Unnamed: 0,Cost,Quantity,Seller,Rating
0,6.43,10,Alice,4.7
1,5.81,15,Bob,4.4
2,4.99,2,Eve,2.0


In [None]:
type(df)

pandas.core.frame.DataFrame

* Evaluate the `dtypes` attribute of `df`.  Notice how different columns hold different data types.  

(A string data type, like `"Alice"`, in pandas is usually reported as being an "object" data type.)

The fact that pandas DataFrames can have different columns with different data types is one of the big advantages of a pandas DataFrame over a NumPy array.

In [None]:
df.dtypes

Cost        float64
Quantity      int64
Seller       object
Rating      float64
dtype: object

* Define a variable `col` to be equal to the "Rating" column.

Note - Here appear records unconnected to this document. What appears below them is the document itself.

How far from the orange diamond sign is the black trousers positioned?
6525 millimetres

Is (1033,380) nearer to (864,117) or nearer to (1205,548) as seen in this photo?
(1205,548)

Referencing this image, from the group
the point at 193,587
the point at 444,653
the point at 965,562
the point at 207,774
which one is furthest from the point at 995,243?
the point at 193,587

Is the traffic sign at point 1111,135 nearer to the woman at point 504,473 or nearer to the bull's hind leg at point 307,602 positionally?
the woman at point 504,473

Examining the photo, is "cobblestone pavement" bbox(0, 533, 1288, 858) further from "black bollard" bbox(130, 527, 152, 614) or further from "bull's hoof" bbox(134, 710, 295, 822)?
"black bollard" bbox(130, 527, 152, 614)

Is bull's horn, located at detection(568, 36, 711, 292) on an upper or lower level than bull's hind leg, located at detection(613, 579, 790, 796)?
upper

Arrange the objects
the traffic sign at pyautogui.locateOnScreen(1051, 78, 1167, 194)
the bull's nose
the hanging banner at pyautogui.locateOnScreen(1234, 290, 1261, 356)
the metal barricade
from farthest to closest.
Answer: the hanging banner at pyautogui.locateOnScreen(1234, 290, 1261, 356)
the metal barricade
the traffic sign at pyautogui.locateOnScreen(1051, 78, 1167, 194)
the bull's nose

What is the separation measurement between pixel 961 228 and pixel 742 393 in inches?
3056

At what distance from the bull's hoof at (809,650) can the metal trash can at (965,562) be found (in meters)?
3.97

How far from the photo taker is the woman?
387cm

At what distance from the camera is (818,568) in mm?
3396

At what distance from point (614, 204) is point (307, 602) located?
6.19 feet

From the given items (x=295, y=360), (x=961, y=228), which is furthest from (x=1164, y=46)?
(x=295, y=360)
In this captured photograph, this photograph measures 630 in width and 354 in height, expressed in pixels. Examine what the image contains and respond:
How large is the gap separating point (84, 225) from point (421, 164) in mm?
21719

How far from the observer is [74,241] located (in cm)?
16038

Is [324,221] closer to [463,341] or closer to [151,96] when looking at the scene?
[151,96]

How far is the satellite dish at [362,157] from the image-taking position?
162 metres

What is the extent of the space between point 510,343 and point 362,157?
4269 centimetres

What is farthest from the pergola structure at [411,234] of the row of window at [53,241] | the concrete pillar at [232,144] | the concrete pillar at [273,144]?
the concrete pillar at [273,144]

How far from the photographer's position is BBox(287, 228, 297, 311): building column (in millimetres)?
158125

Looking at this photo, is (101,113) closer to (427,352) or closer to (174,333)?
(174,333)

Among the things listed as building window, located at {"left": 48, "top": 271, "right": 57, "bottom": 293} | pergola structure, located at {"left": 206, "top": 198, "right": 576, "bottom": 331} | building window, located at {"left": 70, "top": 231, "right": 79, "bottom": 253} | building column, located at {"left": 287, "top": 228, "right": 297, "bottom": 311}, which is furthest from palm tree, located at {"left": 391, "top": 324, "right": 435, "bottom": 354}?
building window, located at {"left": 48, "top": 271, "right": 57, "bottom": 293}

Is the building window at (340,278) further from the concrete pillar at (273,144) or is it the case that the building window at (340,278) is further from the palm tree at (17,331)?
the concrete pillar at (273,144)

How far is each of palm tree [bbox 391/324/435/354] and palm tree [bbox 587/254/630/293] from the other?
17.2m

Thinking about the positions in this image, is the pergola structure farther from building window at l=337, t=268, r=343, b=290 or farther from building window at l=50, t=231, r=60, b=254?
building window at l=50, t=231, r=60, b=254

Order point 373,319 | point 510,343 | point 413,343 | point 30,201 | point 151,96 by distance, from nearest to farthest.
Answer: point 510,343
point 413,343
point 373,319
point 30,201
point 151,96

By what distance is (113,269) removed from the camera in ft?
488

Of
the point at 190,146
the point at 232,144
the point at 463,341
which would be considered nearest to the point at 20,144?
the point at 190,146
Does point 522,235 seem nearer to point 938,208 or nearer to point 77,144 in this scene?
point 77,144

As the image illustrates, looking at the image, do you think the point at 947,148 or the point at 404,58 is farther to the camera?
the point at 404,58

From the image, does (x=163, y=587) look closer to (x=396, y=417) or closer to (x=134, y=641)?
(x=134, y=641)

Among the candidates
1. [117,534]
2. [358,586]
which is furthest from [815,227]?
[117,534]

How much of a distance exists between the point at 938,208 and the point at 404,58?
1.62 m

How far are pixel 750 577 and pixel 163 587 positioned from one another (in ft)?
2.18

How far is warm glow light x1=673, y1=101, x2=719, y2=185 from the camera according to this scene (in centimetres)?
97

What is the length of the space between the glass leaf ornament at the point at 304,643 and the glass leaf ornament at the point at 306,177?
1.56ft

There are many types of indexing in pandas, and you should expect to need some practice before you get used to them. 
**By Column Label**: Access a specific column using its label.



In [28]:
col = df['Rating']
col

0    4.7
1    4.4
2    2.0
Name: Rating, dtype: float64

* What is the type of `df`?  What is the type of `col`?  These are the two most important data types in pandas.

In [29]:
type(df)

pandas.core.frame.DataFrame

In [None]:
type(col)

pandas.core.series.Series

* How many rows and columns are there in `df`?  Just like in NumPy, pandas DataFrames have a `shape` attribute.

In [None]:
df.shape

(3, 4)

* What the average of the values in the "Rating" column?  Use the `mean` method.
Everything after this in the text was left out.